Parmi les porteurs de ces noms, il en est beaucoup qui ne possèdent
plus les domaines correspondants. Pourtant, il n'est pas rare de retrouver
certains porteurs de noms de lieux non loin de l'endroit en question.
Ces
noms désignaient les lieux proches du domicile d'un individu
(route, chemin, source, cours d'eau, marécage, toponymie alpine,
monastère, chapelle, etc.), ou les régions d'origine
de nouveaux habitants (hameau, village, ville, région, pays,
etc.).
Il
pouvait s'agir, par exemple, d'une personne vivant près d'un
pont (Dupont, Dupontet, Dupontel etc.), ou venant d'Auvergne (Lauvergne,
Larverne, Larvergne etc.).
Mais
on désignait également l'individu par un terme rappelant
la caractéristique de sa maison : Kergoat (« maison en
bois »), Piarresteguy (« demeure de pierre »).
Les
noms dit « d'état » :
Cette
catégorie regroupe des noms issus des fonctions occupées
par les personnes auxquelles ils ont été attribués.
Ils
apparaissent en France à partir du XIIème siècle, époque à laquelle
la vie sociale prend une véritable place en France. C'est en
effet la période où naît la petite bourgeoisie
englobant les artisans, les petits commerçants, ainsi que toutes
les professions issues de la fonction publique. Les avocats et les
religieux, jusqu'alors au service de la noblesse, se mettent a côtoyer
cette bourgeoisie génératrice de développement économique.
Les
porteurs de ces noms n'exerçaient pas forcement cette profession.
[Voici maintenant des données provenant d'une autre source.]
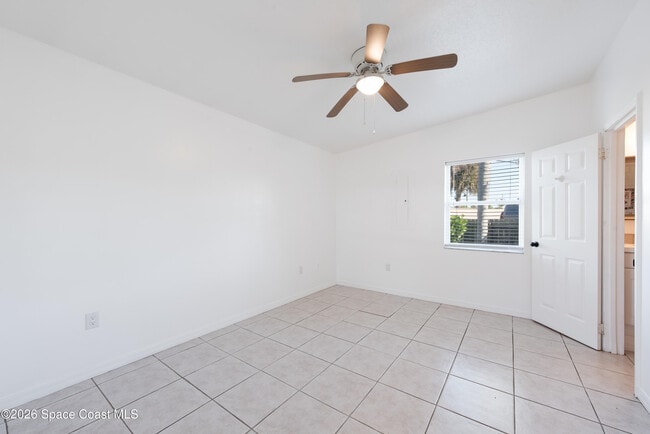 Building Photo - 206 4th Ave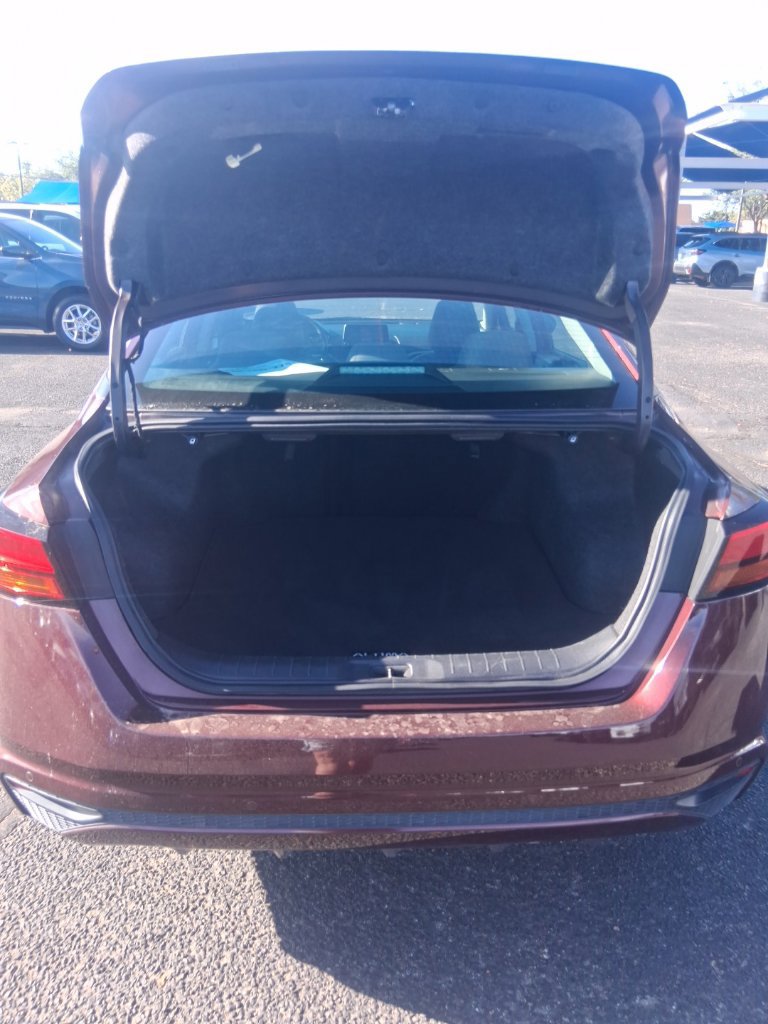 Used 2025 Nissan Altima 2.5 SV FWD image 4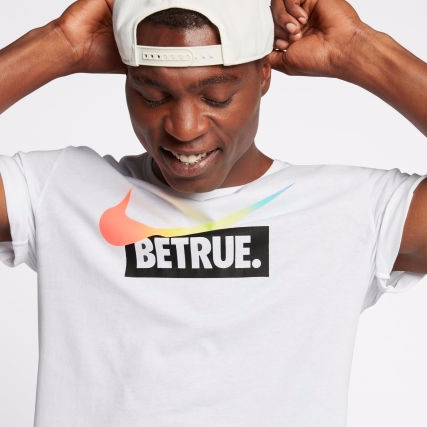 Nike 支持同性與跨性別族群，還有這一系列服飾讓你做真實的自己 ！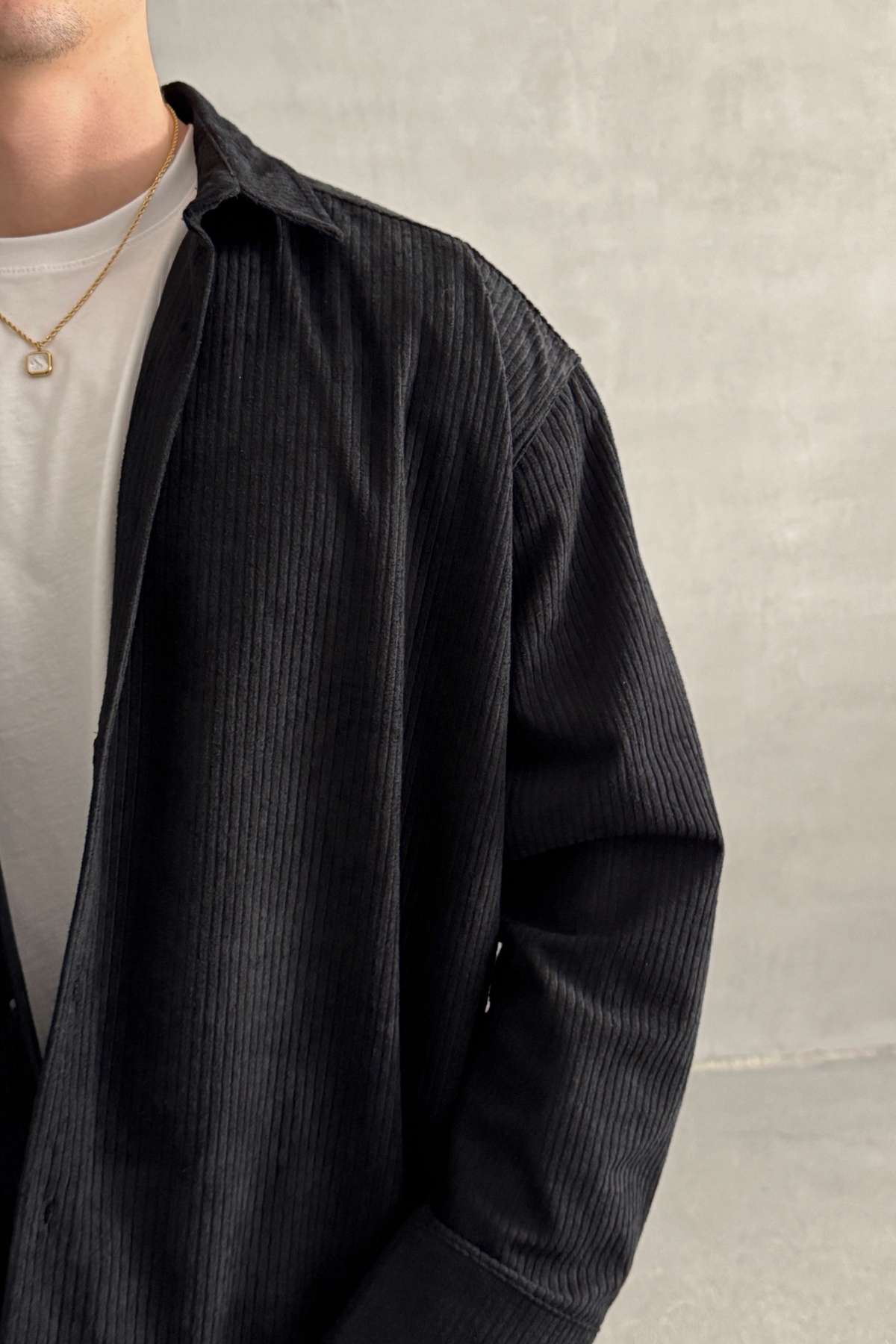 Erkek Oversize Kesim Kadife Gömlek — مشکی HY-03595 — تصویر 6 از 8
En effet, le maître dont ils dépendaient transmettait
a ses serviteurs son nom générique.
La
quasi totalité de ces noms révèlent une caractéristique
liée a la vie sociale (Ex. : Avoyer « Avocat »,
Chevalier, Maréchal, Prévosts, Clerc, Abbey, Évêque).
Il
est a noter que ces noms se retrouvent sur l'ensemble du territoire
français, avec dans certains cas des modifications orthographiques
liées au changement de région, le sens ne changeant guère.
De
part leur spécificité ces noms sont les plus rares en
France.
Les
noms de métiers :
Entre le Vème et
le Xème siècle, les habitants de la France
ne portaient que leurs noms de baptême. A partir du XIIème siècle,
pour différencier les homonymes devenus trop nombreux, certains
noms de métiers furent adoptés pour désigner
les individus.
C'est
plus tard, au hasard d'un acte de baptême, de mariage ou de sépulture
que les noms de métiers sont devenus héréditaires,
se transformant en nom de famille.
Il
est a noter, que ces noms relèvent plutôt d'une origine
citadine. En effet, c'est dans les bourgs et dans les lieux de foires
que l'on retrouve le plus souvent artisans et négociants. Voici
quelques exemples de noms de métiers : Couturier, Fournier,
Lefebure, Barbier, Wagner (charron), Schumacher (cordonnier), Mitterand
(le mesureur).
Les
sobriquets :
Il est
assez difficile de bien repérer un nom répertorié comme « sobriquet ».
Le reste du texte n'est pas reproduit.